Après la première guerre civile de cinq (05) ans (2013-2018) du plus jeune État africain indépendant en 2011, les ingrédients d’une seconde déflagration sont en train d’être dangereusement réunis au Soudan du Sud. La lutte pour le pouvoir entre le président Salva Kiir et le vice-président Riek Machar risque une fois de plus de mettre les feux aux poudres.
Le premier tient à conserver le pouvoir qu’il exerce depuis 2011 en usant d’astuces pour ne pas le quitter à travers, par exemple, les reports de l’élection présidentielle. Ce scrutin majeur, initialement prévu en février 2023, a été repoussé d’abord en décembre 2024, puis en décembre 2026.
De son côté, le vice-président ronge son frein et a fini par perdre patience avec ce qu’il considère comme du dilatoire du président pour l’empêcher d’accéder au pouvoir conformément à l’accord de paix d’octobre 2018.
Les combats dans le nord du pays entre les troupes gouvernementales et une milice rebelle, connue sous le nom d’Armée blanche, soupçonnée d’être alliée au vice-président ont servi de prétexte pour priver ce dernier de sa liberté d’aller et de venir. Depuis lors, la tension est montée de plusieurs crans, la situation est devenue volatile et inflammable dans la capitale Juba. L’ONU, qui dispose dans le pays d’une mission de maintien de la paix forte de près de 18 000 hommes, a tiré la première la sonnette d’alarme. « Aux dirigeants de ce pays, je dis : mettez fin à la politique de confrontation ! Libérez immédiatement les responsables militaires et civils détenus ! Rétablissez pleinement le gouvernement d’unité nationale et mettez vigoureusement en œuvre les promesses que vous avez faites en vous engageant à respecter l’accord de paix, qui est le seul cadre juridique pour des élections pacifiques, libres et équitables en décembre 2026 ! », a demandé le Secrétaire général António Guterres. Il a aussi appelé les dirigeants du pays au sens de la responsabilité : « Aujourd’hui, plus que jamais, les dirigeants du Sud-Soudan doivent entendre un message clair, unifié et retentissant. Déposez les armes ! Faites passer le peuple du Sud-Soudan en premier ! »

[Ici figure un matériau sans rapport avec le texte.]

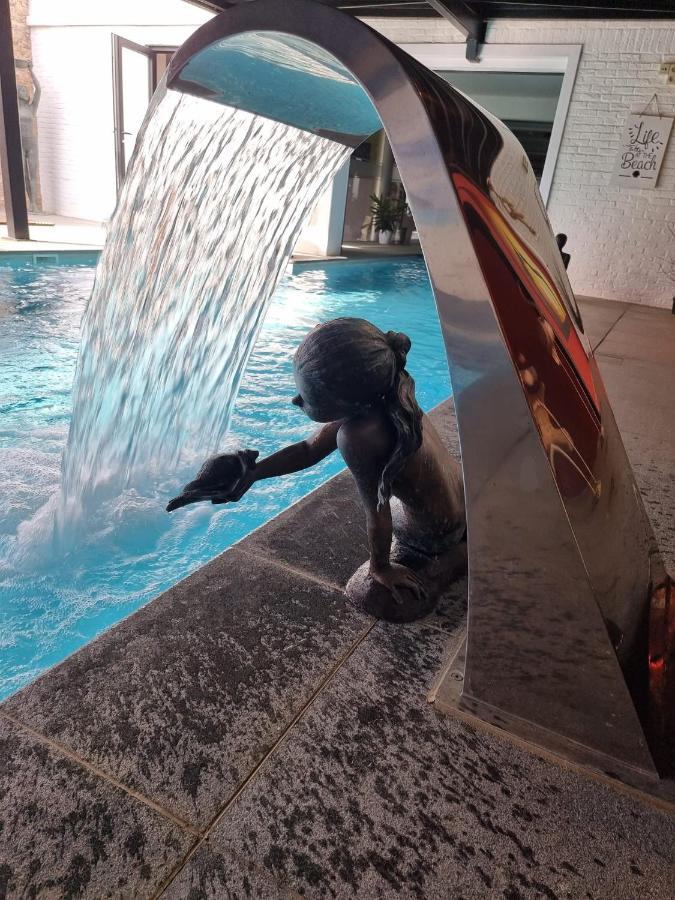 Hotel Monte Cristo Hoeselt Eksteriør billede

L’Union africaine (UA) n’est pas restée passive face à la situation inquiétante au Soudan du Sud. Son Conseil de paix a demandé la libération immédiate de Riek Machar et mis en garde contre une menace de l’accord de paix de 2018. Mieux, le Conseil des sages de l’organisation continentale s’est rendu ce début avril à Juba avec pour mission de sauver l’accord de paix qui a mis fin à la guerre de cinq (05) ans qui a fait 400 000 morts et 4 millions de déplacés.
Le président ougandais Yoweri Museveni, allié de son homologue sud-soudanais dont il a sauvé le pouvoir en 2013 en déployant des troupes à Juba, a aussi effectué une visite éclair au Soudan du Sud le 03 avril dernier.

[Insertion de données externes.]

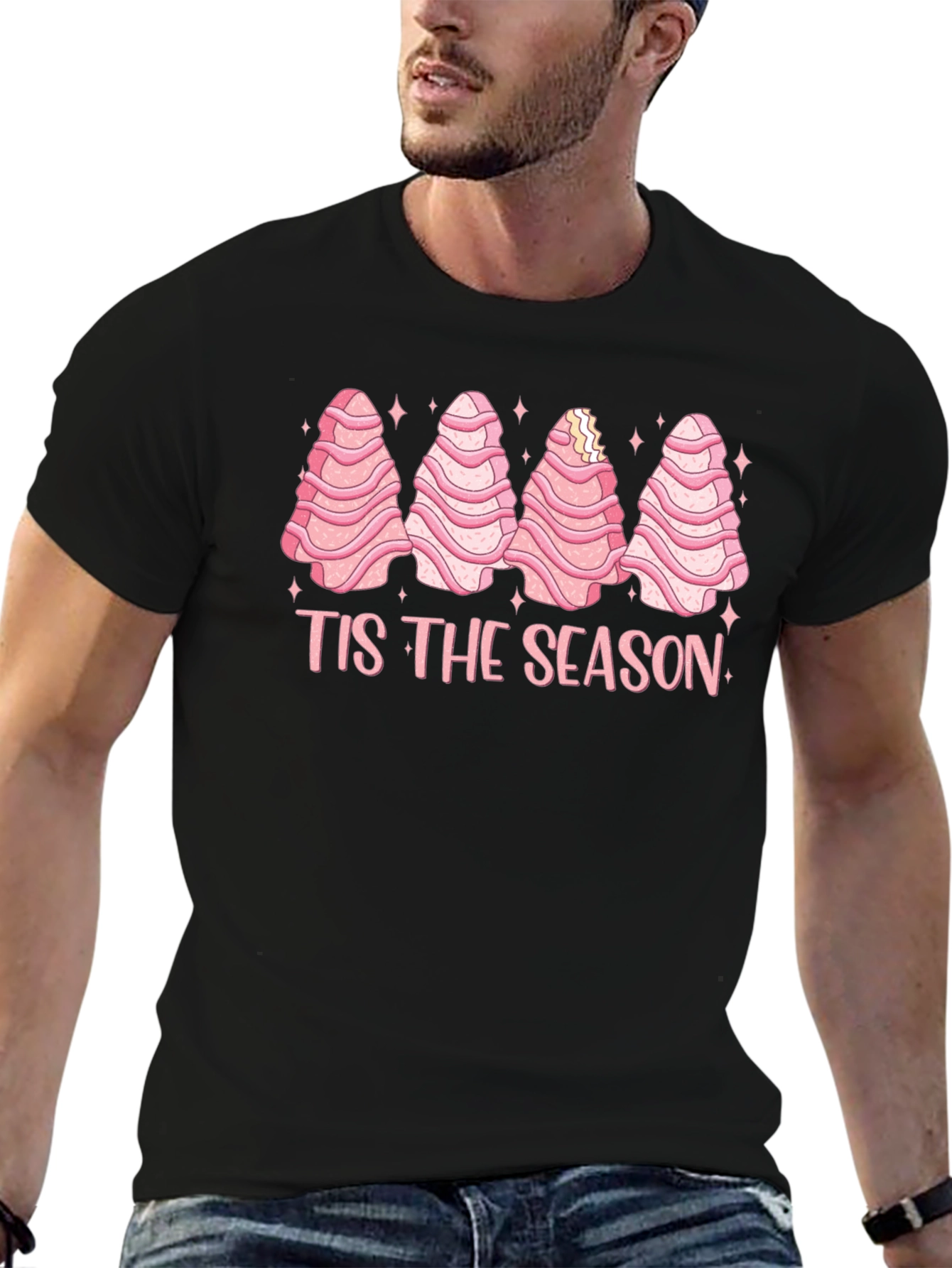 Tis the Season Christmas Trees Tee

Il reste à espérer que toutes ces actions permettent d’éviter que le Soudan du Sud ne s’embrase à nouveau. Déjà, les partisans de Riek Machar a salué la démarche du Conseil des sages de l’UA comme « un effort important pour désamorcer les tensions ». De même, le président sud-soudanais a eu une réunion privée avec son homologue ougandais lors de la visite éclair de ce dernier à Juba même si rien n’a filtré.

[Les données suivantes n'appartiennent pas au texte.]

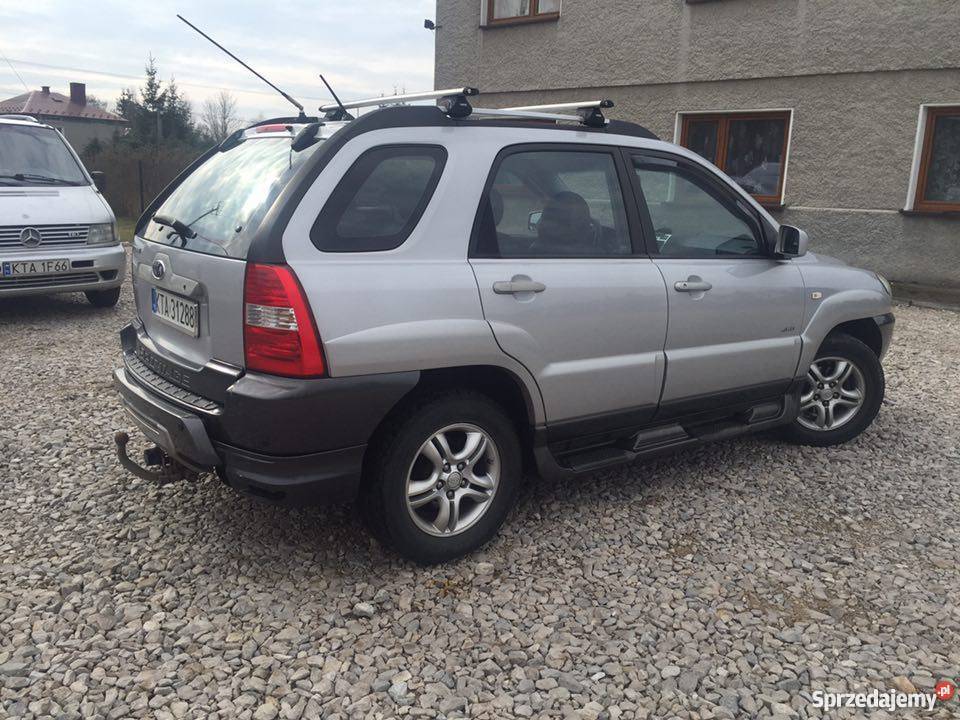 Kia Sportage 20 CRDI 2000cm3 sprzedam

Il pourrait s’agir d’espoirs minces qui peuvent éviter d’en rajouter au foyer du voisin du Nord, le Soudan, qui est incandescent depuis avril 2023 avec, là-bas aussi, une guerre impitoyable pour le pouvoir que se livrent deux généraux hier alliés, mais aujourd’hui ennemis jurés. Cette région souffre déjà avec cette guerre oubliée du Soudan.
Tout le monde en a conscience et ne ménagera donc aucun effort pour que les armes ne crépitent pas à nouveau dans ce pays à l’histoire tourmentée. Après la guerre de libération, il n’y a que celle du développement qui mérite d’être menée par le Soudan du Sud.